Finding that 8 U.S.C. § 1252 does not preclude district court jurisdiction in this case, the court considers Petitioner's claims. Petitioner maintains that the state court's denial in 2006 of his motions for new trial triggered a right to pursue habeas relief in federal court. In 2006, Petitioner filed in state court motions styled as "Non-statutory Motion to Vacate a Judgment Entered After Court Trial on Grounds of Ineffective Assistance of Counsel" and "Non-statutory Motion to Vacate a Plea Entered on Grounds of Ineffective Assistance of Counsel" respectively. (Lodgment Ex. 1 at 17 et seq. & 78 et seq.) The only relief requested in each motion was a new trial pursuant to California Penal Code § 1181. (Id. at 23 & 83.) The motions were denied because they were filed after the judgment in each case had been entered. (Id. at 57 & 117; Lodgment Ex. 2 at 5-10.) The court reasoned that it lacked jurisdiction under California law to grant a motion for new trial brought after the entry of judgment. (Lodgment Ex. 2 at 5-10, citing Cal. Penal Code §§ 1181,1182 & People v. Smyers, 2 Cal. App. 3d 666 (1969).)

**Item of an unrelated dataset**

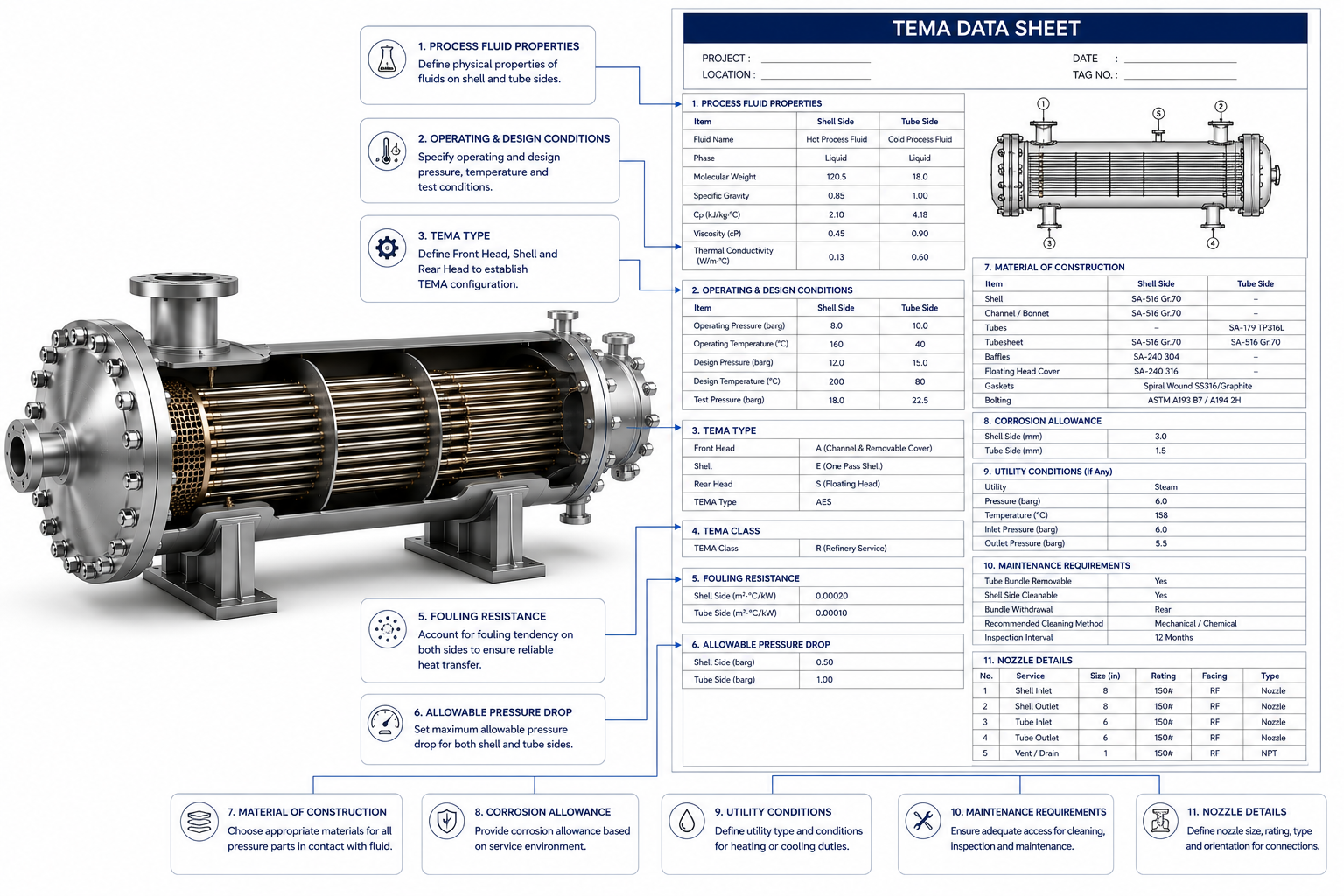Engineering heat exchanger TEMA data sheet highlighting critical specification items for shell and tube exchangers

Petitioner has not cited any authority to show that the state court's denial of his motions violated his constitutional rights. "[F]ederal habeas corpus relief does not lie for errors of state law. . . . [I]t is not the province of a federal habeas court to re-examine state-court determinations of state-law questions." Estelle v. McGuire, 502 U.S. 62, 68 (1991). Accordingly, the denial of Petitioner's motions does not provide a basis for habeas relief.

What remains of the Petition are the underlying constitutional claims of ineffective assistance of counsel arising from representation related to the 1996 and 1998 Convictions. Petitioner's theory of ineffective assistance as to the 1996 Conviction is that Mr. Verhovskoy failed to file the opening brief on appeal and misled Petitioner about the status of his appeal, thus depriving him of his first appeal as of right. (Pet. at 9-12.) The theory as to the 1998 Conviction is that Mr. Verhovskoy represented Petitioner notwithstanding a conflict of interest. (Id. at 12-15.) Petitioner argues that the conflict arose from Mr. Verhovskoy's previous representation which resulted in the 1996 Conviction. "In criminal cases, an attorney's representation of a former client may preclude renewed representation of that client in a new matter if the prior representation resulted in a client's conviction[, because] the client may want to attack the prior conviction on the ground of incompetent representation." Paul W. Vapnek et al., Cal. Practice Guide: Professional Responsibility (2008) (citing People v. Bailey, 9 Cal. App. 4th 1252, 1254-55 (1992) & San Diego County Bar Association Ethics Opinion 1995-1), cited in Pet. at 13.

The State argues that the court lacks jurisdiction to consider these claims because Petitioner is not in custody.*fn6 (State Resp's Response filed Jun. 4, 2008 at 4-5.) The state court sentences imposed for the convictions Petitioner is attacking have expired. The "in custody" element requires "that the habeas petitioner be 'in custody' under the conviction or sentence under attack at the time his petition is filed." Maleng v. Cook, 490 U.S. 488, 490-91 (1989). "[O]nce the sentence imposed for a conviction has completely expired, the collateral consequences of that conviction are not themselves sufficient to render an individual 'in custody' for the purposes of a habeas attack upon it." Id. at 492. Immigration consequences, the only consequences of the 1996 and 1998 Convictions remaining in this case, are considered collateral, and therefore insufficient, for purposes of the "in custody" requirement. See Resendiz v. Kovensky, 416 F.3d 952, 956 (9th Cir. 2005).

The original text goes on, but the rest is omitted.